I understand and agree to this binding arbitration provision and that I, my Worksite Employer . . . and SPLI give up our respective rights to trial by jury of any claim that I may have against my Worksite Employer . . . or SPLI, or that my Worksite Employer . . . or SPLI may have against me.”

 

(Clark Decl., ¶ 7 Ex. 4.)  Defendants allege that the Arbitration Agreement encompasses all claims made in the Complaint.

            Defendants have met their burden in establishing that an arbitration agreement exists.

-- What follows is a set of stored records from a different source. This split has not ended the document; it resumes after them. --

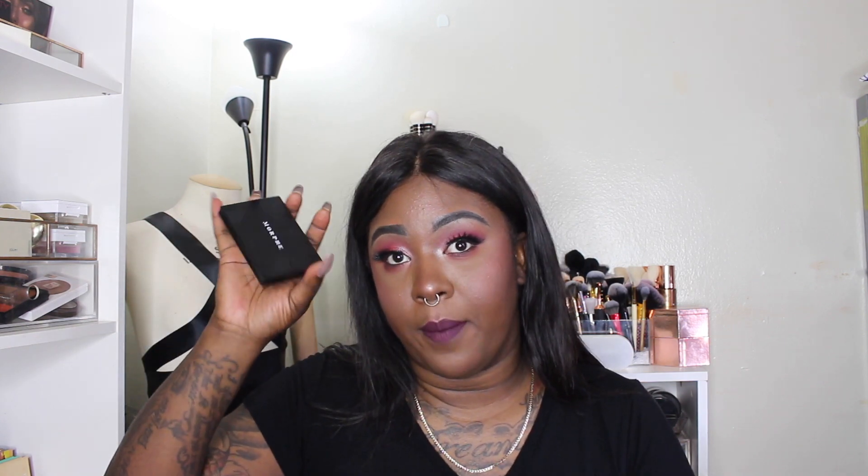If you are a deeper skin tone, pick this up — I love the packaging and it has a great quality mirror. These trios are $12 each. That's everything on my final thoughts. I loved everything I tried today — there's nothing I tried that I wasn't in love with. The highlight is really pretty, really subtle, and it matches this look perfectly. Let me know what you guys think — do you plan on picking these up? Let me know if you have any questions. I love you all to absolute pieces and I will see you all in the next one.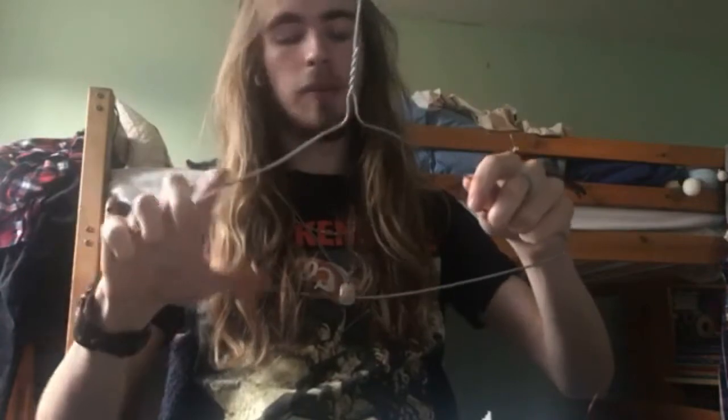Hello everyone, welcome back to another video. Today we're going to be looking at how to make a DIY harmonica holder that anyone can do at home, and it can save you a bit of money. Things we need: a metal wire shirt hanger — that's going to be the basis of it, what goes around your neck. You'll need a pair of pliers, wire cutters to cut the wire, and lastly a hairband or rubber band.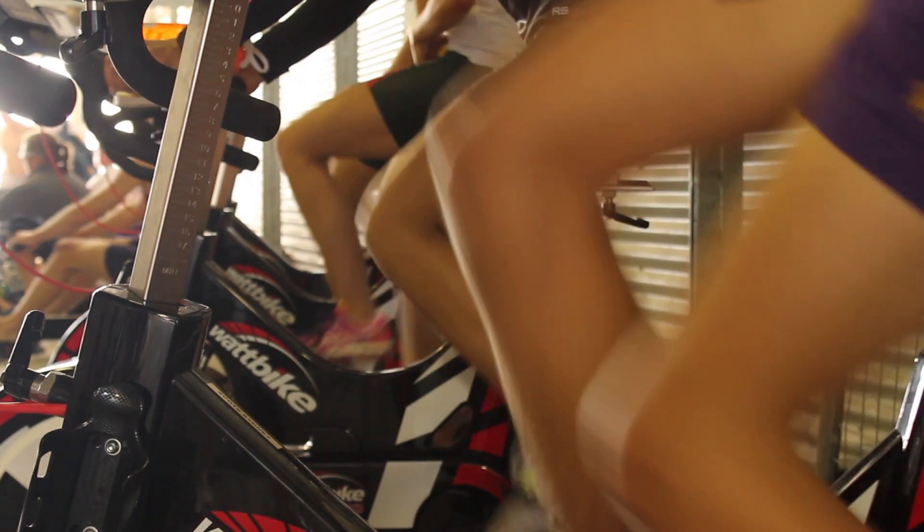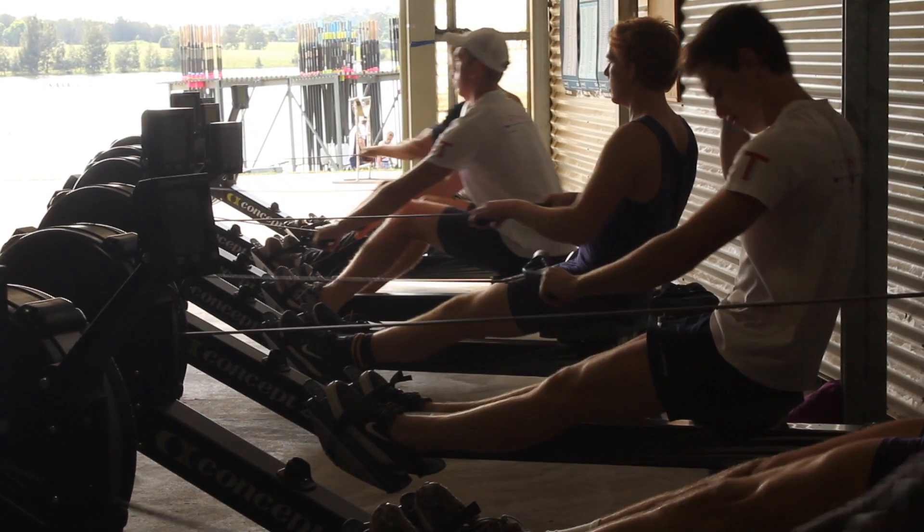Now we find ourselves in the warm-up bay and you'll see the athletes behind me on the watt bikes and the rowing machines. Basically this is where people come to prepare for racing and come and cool down. A lot of them will jump on the rowing machine and work up through the slide to get their muscles firing so they hit the water ready to go.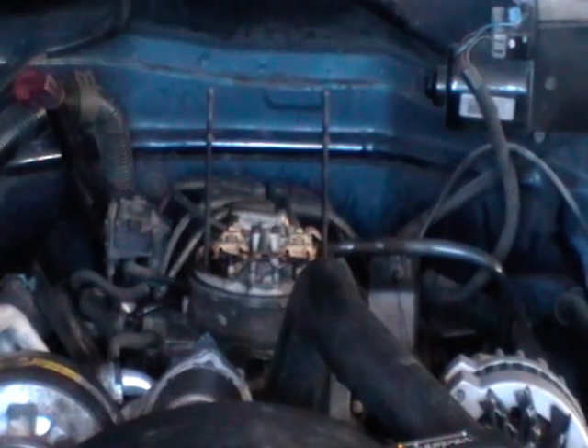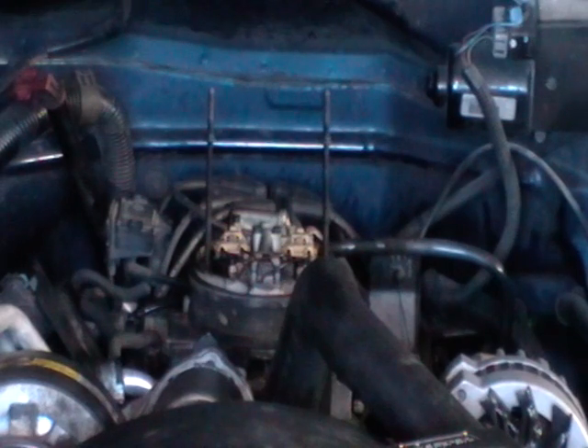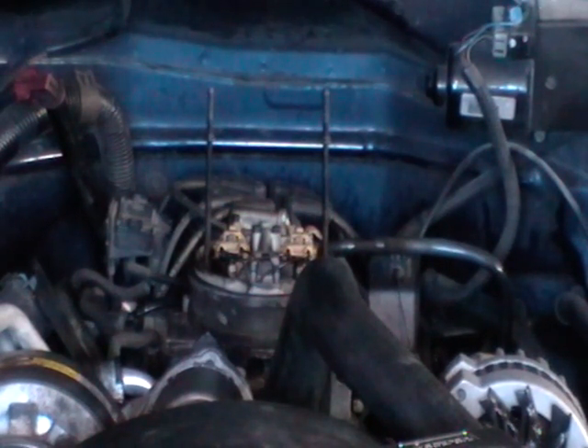That's how you time a 1995 Chevrolet Suburban 1500 with a 5.7 liter throttle body fuel injected V8.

            Plaintiff contends that the arbitration agreement is unconscionable. 

Unconscionability

For an arbitration agreement to be unenforceable as unconscionable, there must be both procedural and substantive unconscionability.  (Armendariz v. Foundation Health Psychcare Services, Inc. (Armendariz) (2000) 24 Cal.4th 83, 114.) 

            Procedural Unconscionability

Procedural unconscionability includes oppression arising from unequal bargaining power causing an absence of meaningful choice and real negotiating, and surprise due to hidden terms drafted by the party seeking to enforce the provisions.  (Gatton v. T-Mobile USA, Inc. (2007) 152 Cal.App.4th 571, 581.)

            Plaintiff alleges that the contract was offered in a take-it-or-leave it manner, where Plaintiff was not given an option not to sign, and Defendant did not include an opt-out form. Additionally, Plaintiff alleges that the terms of the contract were “full of surprise.” 

            Plaintiff alleges that (1) she was never informed that there was an arbitration agreement within the documents, (2) the she felt pressured to quickly review, fill out, and return the documents to keep her job, (3) she was not provided with an opt-out form, and (4) that she was never provided a copy of the employment documents nor given an opportunity to discuss the documents.  (Flores Decl., ¶¶ 5-7, 9.)  The Arbitration agreement was included within the employment documents but was clearly marked as a “Binding Arbitration Agreement”, in a regular font and size. The agreement also includes a bolded, all caps section stating, “IF YOU HAVE ANY QUESTIONS REGARDING THIS AGREEMENT, PLEASE ASK A SPLI, A WORKSITE EMPLOYER, OR TEMPORARY STAFFING EMPLOYER (IF ANY) REPRESENTATIVE BEFORE SIGNING.”  (Clark Decl., Ex. 3.)  Additionally, the Agreement included the opportunity to submit an opt-out form within 30-days of signing the arbitration agreement.  (Clark Decl., Ex. 3.) 

            When determining if oppression is present, the Court considers “(1) the amount of time the party is given to consider the proposed contract: (2) the amount and type of pressure exerted on the party to sign the proposed contract; (3) the length of the proposed contract and the length and complexity of the challenged provision; (4) the education and experience of the party; and (5) whether the party’s review of the proposed contract was aided by an attorney.”  (OTO, LLC v. Kho (2019) 8 Cal.5th 111, 126-27 [citing Grand Prospect Partners, LP v. Ross Dress for Less, Inc. (2015) 232 Cal.App.4th 1332, 1348].) 

            Here, the Arbitration Agreement was not oppressive. The party may have been rushed to complete the forms but does not allege that any specific pressure was put on Plaintiff regarding the Arbitration agreement.  Plaintiff was also offered the opportunity to opt-out of the agreement within 30-days of signing.  The contract is only 2-pages, without any particularly complex provisions, in a regular font size, and providing for an opportunity to ask a supervisor to explain any provisions.  The review was not aided by an attorney, but even without attorney review, there is no meaningful oppression in the signing of the Arbitration Agreement.

            The opposing party must show both procedural and substantive unconscionability.  Plaintiff has failed to show any procedural unconscionability.  Therefore, the Court grants the Motion to Compel Arbitration.

 

CONCLUSION

            The court grants Defendants’ motion to compel arbitration.

            Defendants to give notice.